WHAT YOU ARE ASKED TO DO:
For the data that follows, return each line unchanged and drop the pictures.

RECORD EXCERPTS:

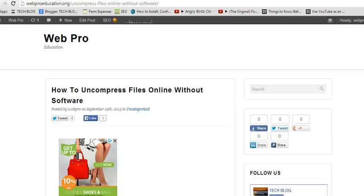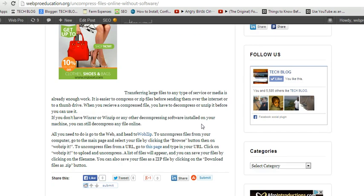Welcome back to Webpro Education. My name is Chris and today we will learn how to uncompress files online without software. Sometimes you receive large files online and you want to use them, and maybe you don't have the uncompressing software.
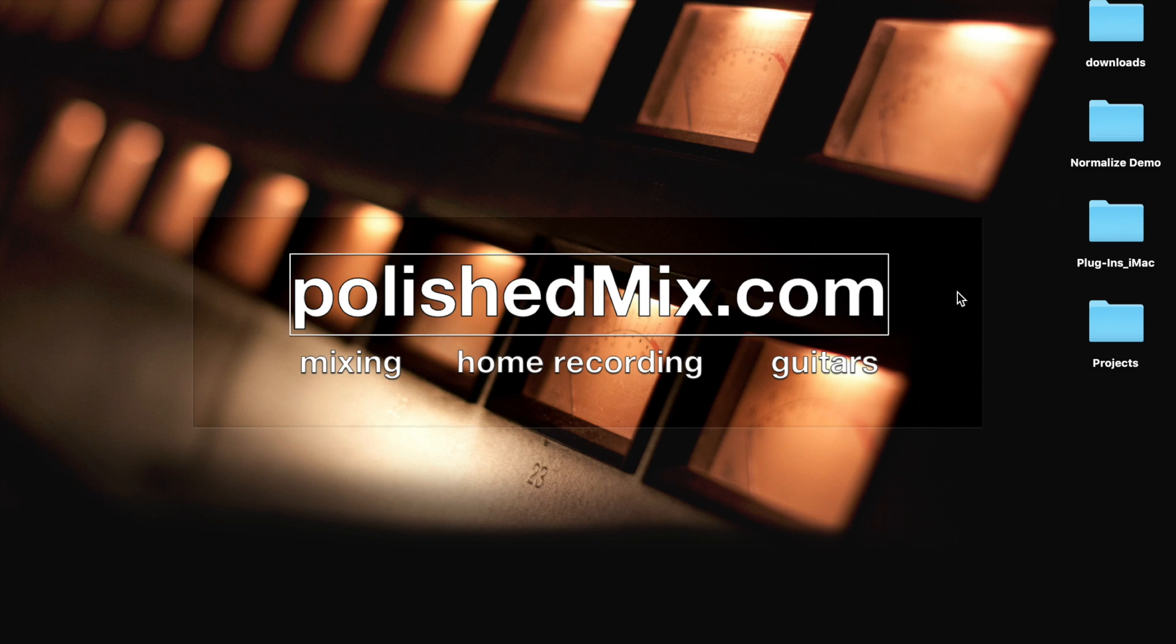Hi, this is Jay from polishedmix.com and today I want to show you how to process a large number of files quickly to normalize them to the same volume.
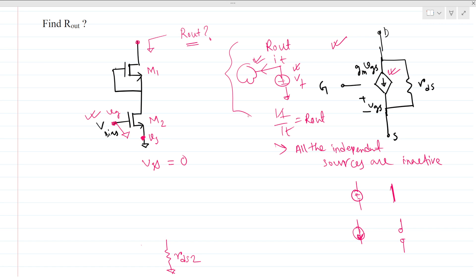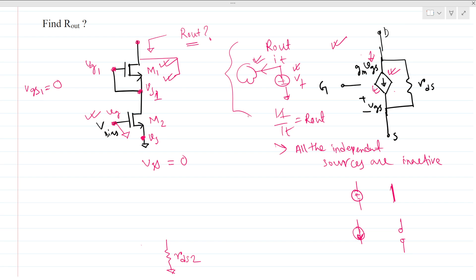We can also see that the small signal VG1 and VS1 — the VGS is shorted, meaning gate and source are the same point. So VGS1 will also be zero. For this MOSFET as well, there is no dependent current source, because VGS is zero so the current source is zero — it acts like an open circuit. So there is only RDS1 present, and this will be nothing but RDS1.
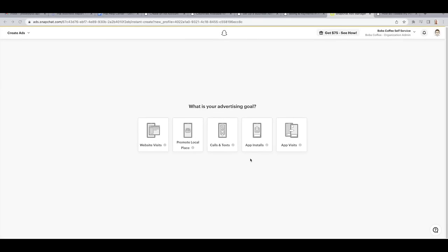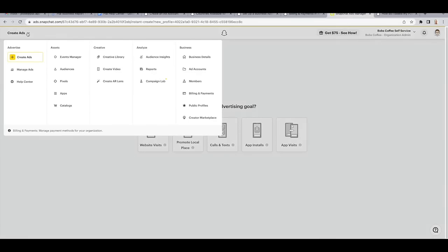Then you can skip the following questions and click on create ads on the top left, then select billing and payments.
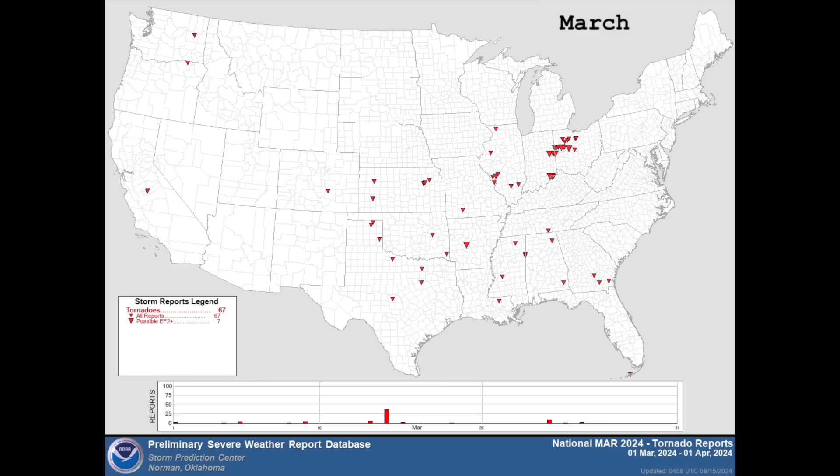Overall, our forecast for March was a bit off, with mostly sporadic activity and no real hot spots emerging other than perhaps the Midwest, which was driven largely by the mid-month outbreak alone.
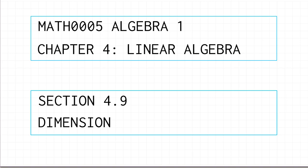It feels like it would be a good idea to define the dimension of a vector space to be the size of a basis for that vector space, because that would fit with some of our intuitive ideas about dimension. We have seen the vector space R squared — that's a two-dimensional space representing the plane — and we've seen that it has a basis of size two consisting of the two standard basis vectors. We also looked at a subspace of R squared which was a line through the origin, and we saw that that had a basis of size one. So having a basis of size one fits with the idea of a line being a one-dimensional space, and this seems like quite an attractive definition to make.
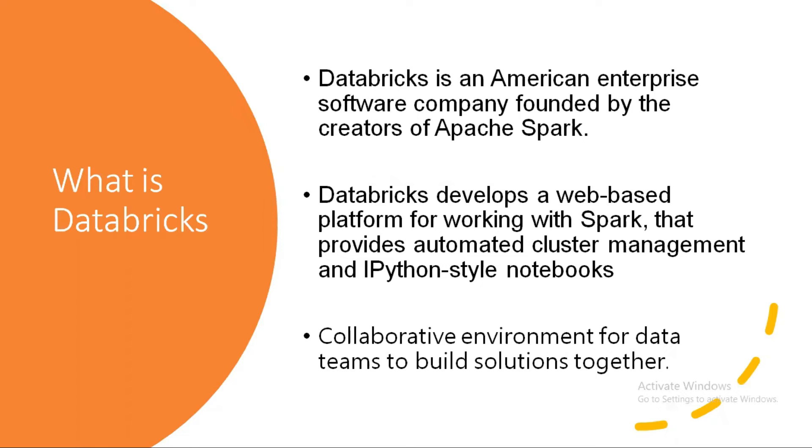Hello everyone, welcome to Nithya Cloud Tech. This is part 2 of the Azure Databricks series. In the previous video, we discussed the purpose of Azure Data Factory and the components of Azure Data Factory.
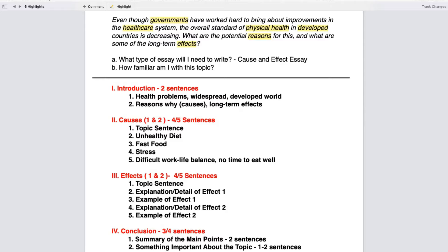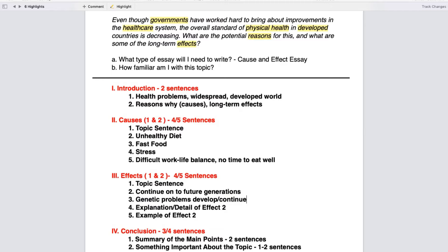Keep in mind that the words you are writing in your notes are just words to spark your memory and remind you of what you want to write when actually writing your essay. You don't have to have perfect grammar or complete sentences in your outline — just in your actual essay. For my two effects: the first effect is that unhealthy habits can continue on to future generations, and as an example genetic problems can develop or continue. The second effect could be a higher cost of living because people are spending more on medical bills, and an example of that could be expensive healthcare.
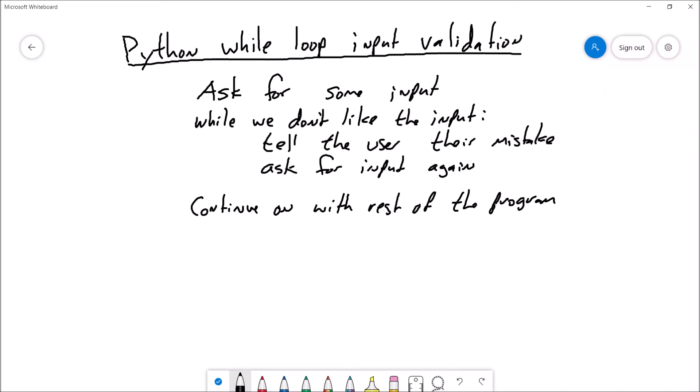Hey there, welcome back. This is Professor Anke, and in this video, I'm going to show you how to use a while loop to validate user input. So let's go ahead and begin.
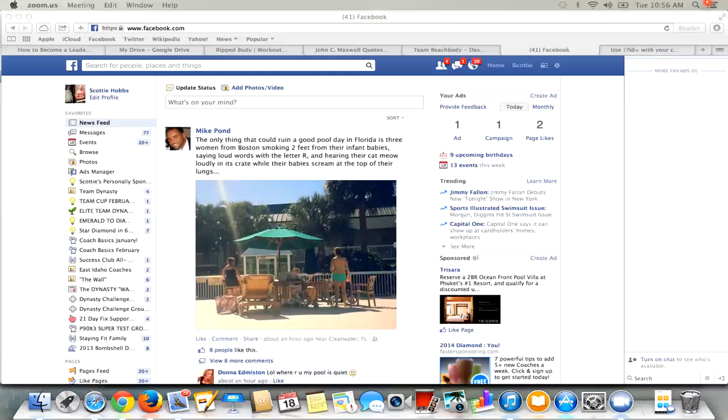The cool thing is Team Beachbody hooks us up because they're already set up for you guys. So you don't even have to do any magical creating. You just have to be able to copy and paste.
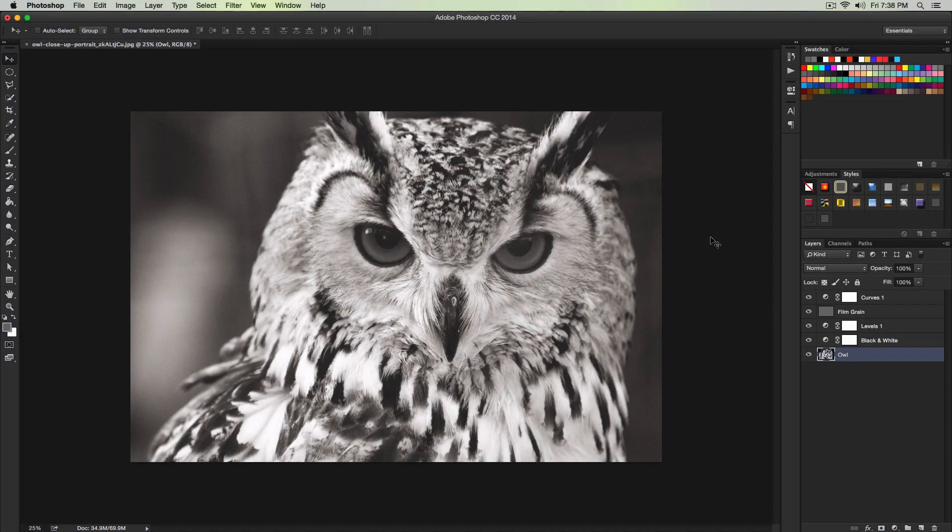In today's tutorial we'll be creating a grainy black and white high fashion photo effect that you can apply to your images, and this is how it's going to look.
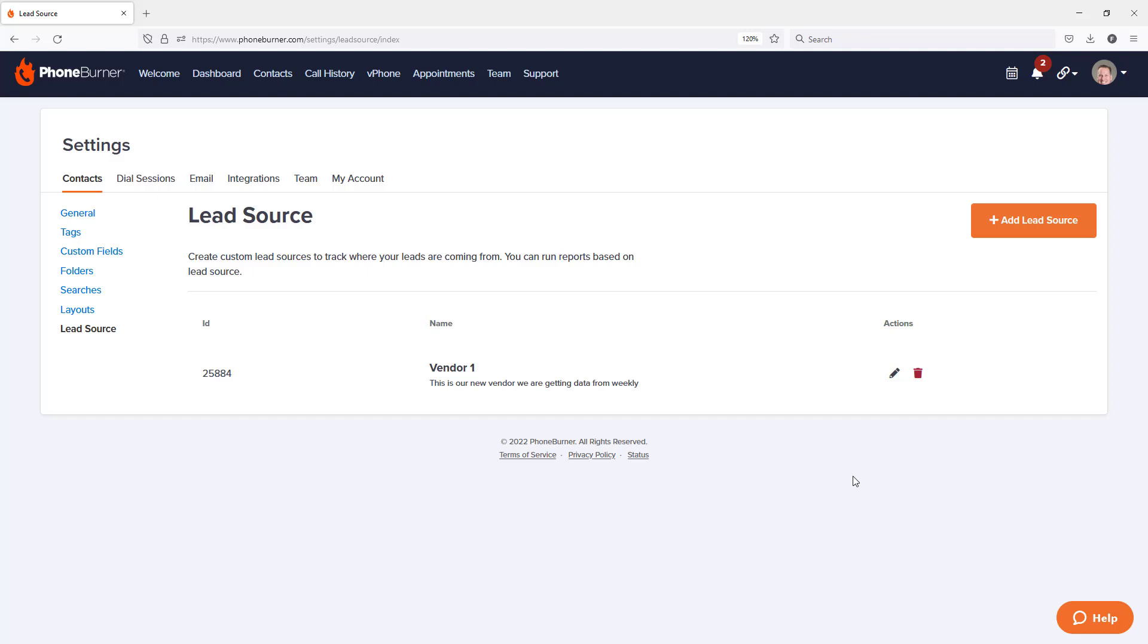And that's it. That's how easy it is for you to create a lead source that you can now apply to each and every lead that gets added to your PhoneBurner account. Thanks for taking a moment to watch this video and happy dialing.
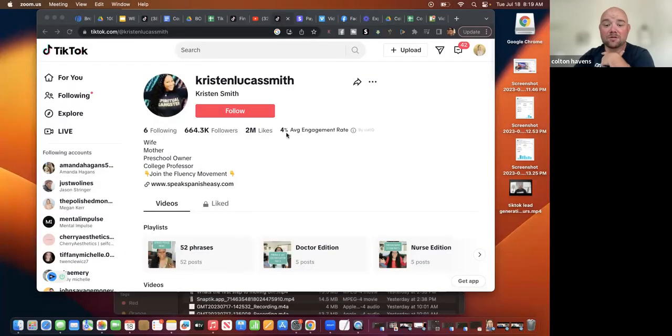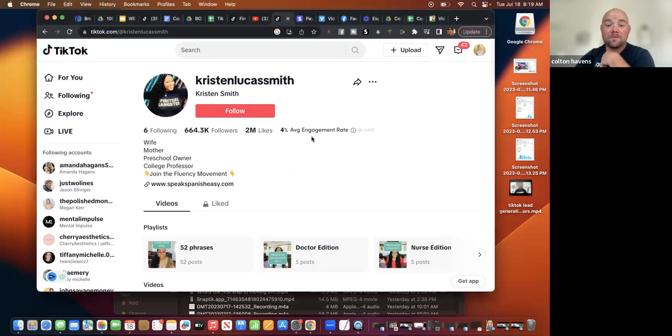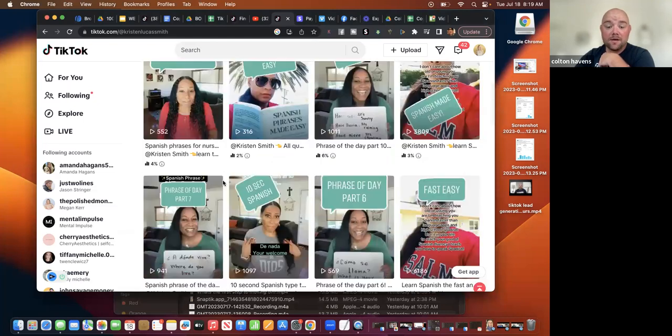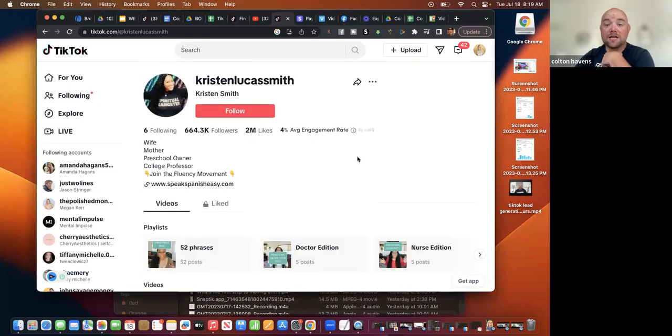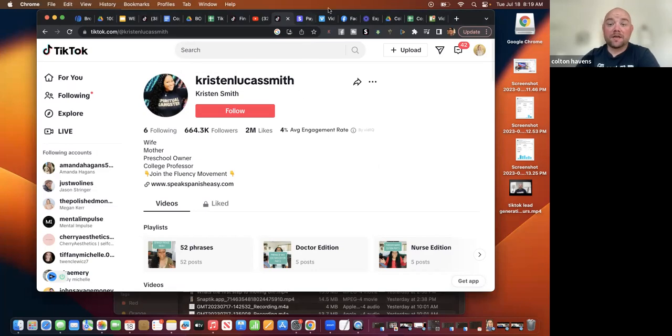Hit that subscribe button. I'm doing a masterclass where I'm going to show you how I've been able to scale and grow accounts to over 664,000 followers, millions of views, and thousands of leads for free from TikTok every single week. The link is down below in the description — the 100K View Masterclass. I'll see you on the next video.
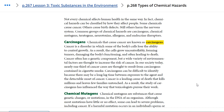In our society today, nearly one-third of cancer cases are thought to result from carcinogens contained in cigarette smoke. It can also be difficult to identify carcinogens because there may be a long time between exposure to the agent and the detectable onset of cancer. Cancer is a leading cause of death that kills millions and leaves few families untouched. As a result, the study of carcinogens has influenced the way toxicologists pursue their work.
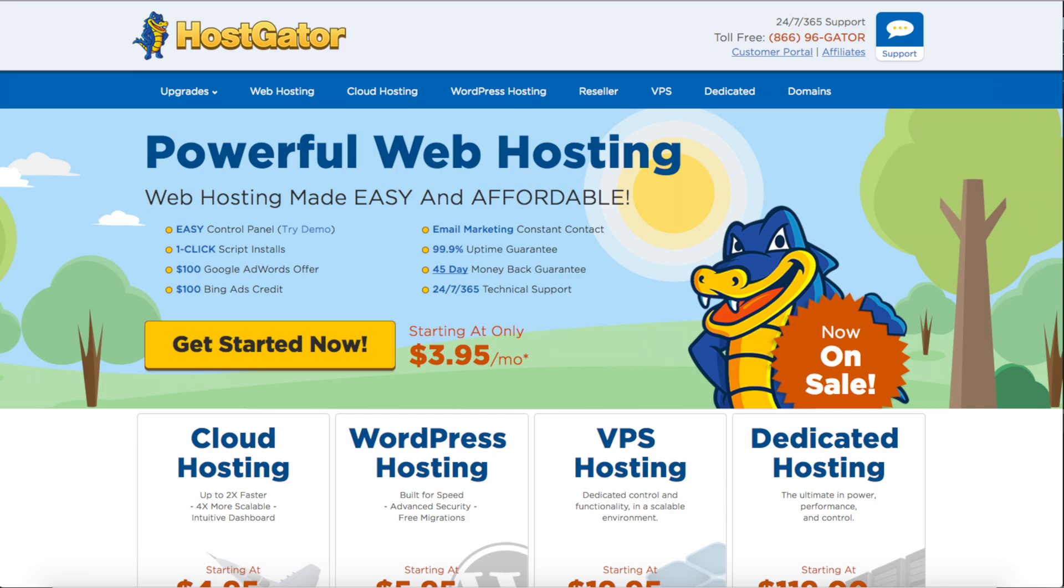You'll also receive over $200 in advertising offers from Google and Bing. HostGator is one of the top web hosting providers and HostGator powers over 8 million domains worldwide.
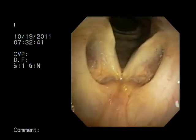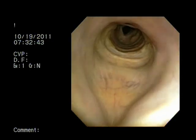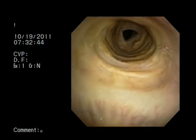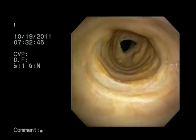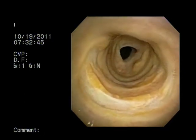The third stricture is a Meyer Cotton 2, McEffrey 1, Lano 1.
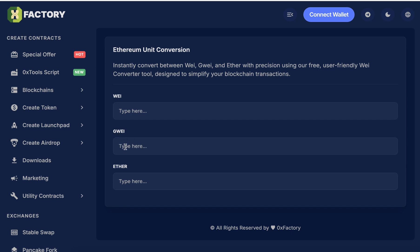For example, if you want to convert 0.02 Ether or BNB to Wei, it's very easy. Just type in the Ether text box 0.02 - this will show the value in Wei and the value in Gwei.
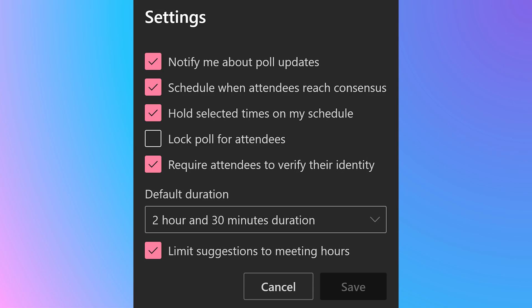The duration of course, you'll have to change on a per meeting basis. And limit suggestions to meeting hours is of course a good option because we don't want to force people to work beyond office hours.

RESULT OF THIS EXERCISE:
Welcome back to Webpro Education. My name is Chris and today we will learn how to uncompress files online without software. Sometimes you receive large files online and you want to use them, and maybe you don't have the uncompressing software.
Hi, this is Jay from polishedmix.com and today I want to show you how to process a large number of files quickly to normalize them to the same volume.
We can also see that the small signal VG1 and VS1 — the VGS is shorted, meaning gate and source are the same point. So VGS1 will also be zero. For this MOSFET as well, there is no dependent current source, because VGS is zero so the current source is zero — it acts like an open circuit. So there is only RDS1 present, and this will be nothing but RDS1.
Then you can skip the following questions and click on create ads on the top left, then select billing and payments.
Overall, our forecast for March was a bit off, with mostly sporadic activity and no real hot spots emerging other than perhaps the Midwest, which was driven largely by the mid-month outbreak alone.
It feels like it would be a good idea to define the dimension of a vector space to be the size of a basis for that vector space, because that would fit with some of our intuitive ideas about dimension. We have seen the vector space R squared — that's a two-dimensional space representing the plane — and we've seen that it has a basis of size two consisting of the two standard basis vectors. We also looked at a subspace of R squared which was a line through the origin, and we saw that that had a basis of size one. So having a basis of size one fits with the idea of a line being a one-dimensional space, and this seems like quite an attractive definition to make.
Hello everyone, welcome to Nithya Cloud Tech. This is part 2 of the Azure Databricks series. In the previous video, we discussed the purpose of Azure Data Factory and the components of Azure Data Factory.
Keep in mind that the words you are writing in your notes are just words to spark your memory and remind you of what you want to write when actually writing your essay. You don't have to have perfect grammar or complete sentences in your outline — just in your actual essay. For my two effects: the first effect is that unhealthy habits can continue on to future generations, and as an example genetic problems can develop or continue. The second effect could be a higher cost of living because people are spending more on medical bills, and an example of that could be expensive healthcare.
Hey there, welcome back. This is Professor Anke, and in this video, I'm going to show you how to use a while loop to validate user input. So let's go ahead and begin.
The cool thing is Team Beachbody hooks us up because they're already set up for you guys. So you don't even have to do any magical creating. You just have to be able to copy and paste.
In today's tutorial we'll be creating a grainy black and white high fashion photo effect that you can apply to your images, and this is how it's going to look.
And that's it. That's how easy it is for you to create a lead source that you can now apply to each and every lead that gets added to your PhoneBurner account. Thanks for taking a moment to watch this video and happy dialing.
Hit that subscribe button. I'm doing a masterclass where I'm going to show you how I've been able to scale and grow accounts to over 664,000 followers, millions of views, and thousands of leads for free from TikTok every single week. The link is down below in the description — the 100K View Masterclass. I'll see you on the next video.
In our society today, nearly one-third of cancer cases are thought to result from carcinogens contained in cigarette smoke. It can also be difficult to identify carcinogens because there may be a long time between exposure to the agent and the detectable onset of cancer. Cancer is a leading cause of death that kills millions and leaves few families untouched. As a result, the study of carcinogens has influenced the way toxicologists pursue their work.
You'll also receive over $200 in advertising offers from Google and Bing. HostGator is one of the top web hosting providers and HostGator powers over 8 million domains worldwide.
The third stricture is a Meyer Cotton 2, McEffrey 1, Lano 1.
For example, if you want to convert 0.02 Ether or BNB to Wei, it's very easy. Just type in the Ether text box 0.02 - this will show the value in Wei and the value in Gwei.
The duration of course, you'll have to change on a per meeting basis. And limit suggestions to meeting hours is of course a good option because we don't want to force people to work beyond office hours.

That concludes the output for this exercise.